■ REQUIRED ACTION ■
Below are records; extract exactly the lines from the one containing "Sliding Wardrobes 4U" through the last, both included, and keep the pictures out.

[Opening SOURCE INFORMATION section]

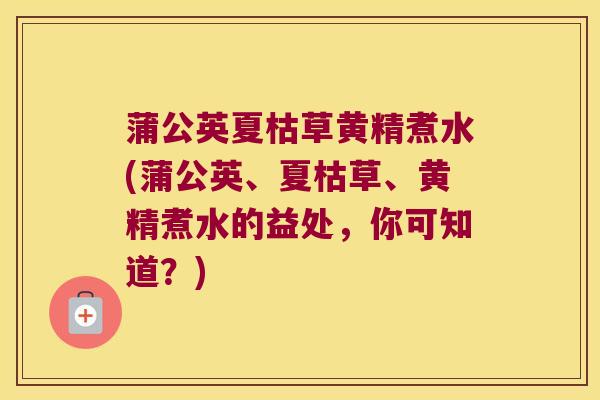 蒲公英夏枯草黄精煮水(蒲公英、夏枯草、黄精煮水的益处,你可知道?) 蒲公英夏枯草黄精煮水(蒲公英、夏枯草、黄精煮水的益处,你可知道?)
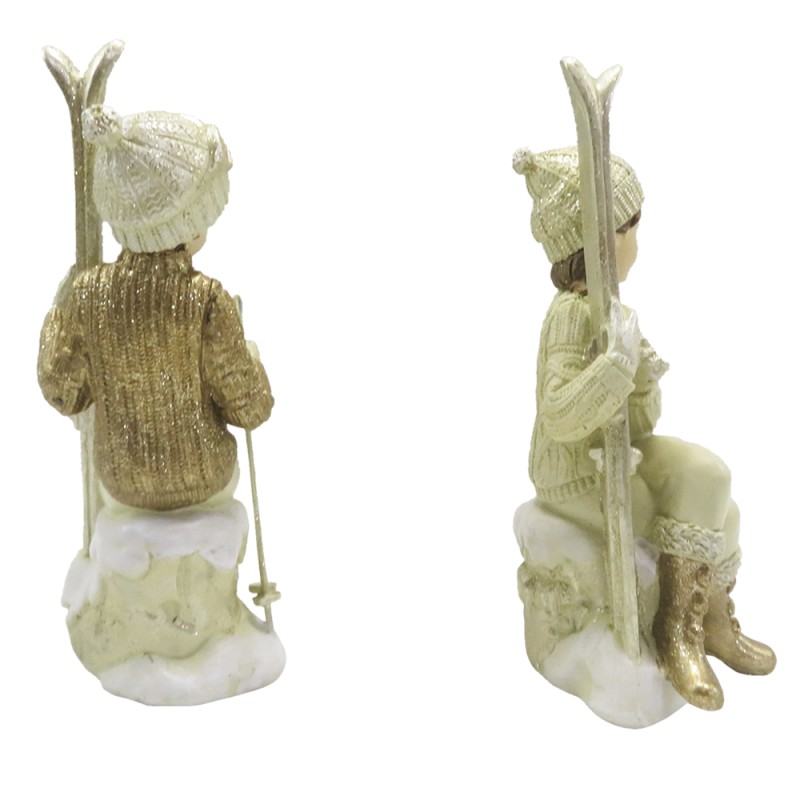 Clayre & Eef Beeld set van 2 Kinderen 18 cm Beige Goudkleurig Polyresin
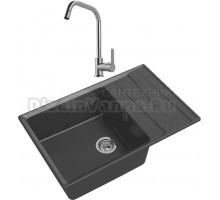 Комплект Мойка GranFest Level GF-LV-760L графит + Смеситель MEGA City MG- ZRV104 хром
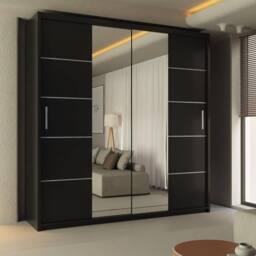 Sliding Wardrobes 4U Ribon Sliding Mirror Door Wardrobe 203cm X 217cm in Black - Size: 203 cm X 217 cm - thumbnail 1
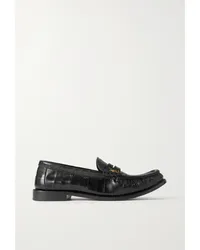 Saint Laurent Pennyloafers aus Strukturiertem Glanzleder Schwarz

[Closing SOURCE INFORMATION section]

■ SOLUTION FOR THIS TASK ■
 Sliding Wardrobes 4U Ribon Sliding Mirror Door Wardrobe 203cm X 217cm in Black - Size: 203 cm X 217 cm - thumbnail 1
 Saint Laurent Pennyloafers aus Strukturiertem Glanzleder Schwarz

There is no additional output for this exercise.